Li Wei holds ministerial rank in the Chinese government as President and Senior Research Fellow of the Development Research Center of the State Council of the People’s Republic of China.

 

THE INTERNATIONAL financial crisis that started in 2008 has posed a series of challenges to the world’s major economies. These include economic restructuring, macroeconomic rebalancing, and developing new growth engines.

China is no exception. However, China also needs to address a problem brought about by the change of its latecomer advantage: namely, the change of its growth model.

Driven by changing external conditions and internal dynamics, Chinese economic development is entering a new stage marked by the ‘new normal,’ in which changes have emerged in a number of fields—including the costs of productive factors, industrial structure, financial risks, and macro-control.

Some of the major changes we face include the shrinking of the investment space after intensive infrastructure and real estate construction, the weakening of Chinese products’ international competitiveness, caused by rising production costs, and increasing constraints on production and people’s lives due to the need to protect the environment and resources.

Such changes have brought challenges to the country’s economic operation. Nevertheless, viewed from a different perspective, these challenges also offer tremendous development opportunities.

To put it as succinctly as possible, entering the ‘new normal’ means China’s economy is advancing to a higher stage of development, with more complex division of labor and a more reasonable structure; the growth model is changing, from a scale-and-speed-oriented one to a quality-and-efficiency
-oriented one; the economic structure is changing, from one which focusses on increasing production and expanding capacity to one which attaches equal importance to both adjusting the size of existing production and optimizing additional output; and old growth engines are being replaced by new ones. In the ‘new normal,’ China will enjoy richer resources and greater development experience.
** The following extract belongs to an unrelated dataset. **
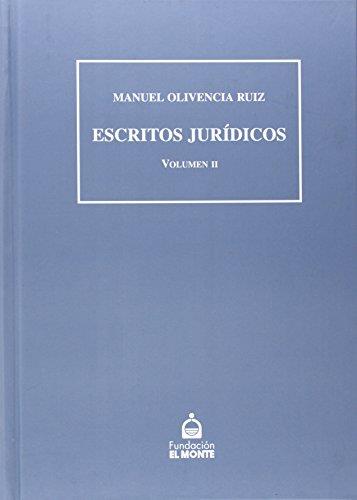 ESCRITOS JURIDICOS (II) | 9788484551584 | OLIVENCIA RUIZ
The Chinese people are confident and capable of achieving greater feats in development.

Four Stages

In 2014, China’s annual GDP reached ¥63.6 trillion, or $10 trillion, making it the world’s second-largest economy.

Relying on the fast economic growth that comes from its latecomer advantage, China has taken only around 30 years to achieve a level of industrialization that took certain Western countries almost 100 years. Such high-speed growth, however, cannot continue indefinitely in any economy, as the growth model keeps changing in different stages of development.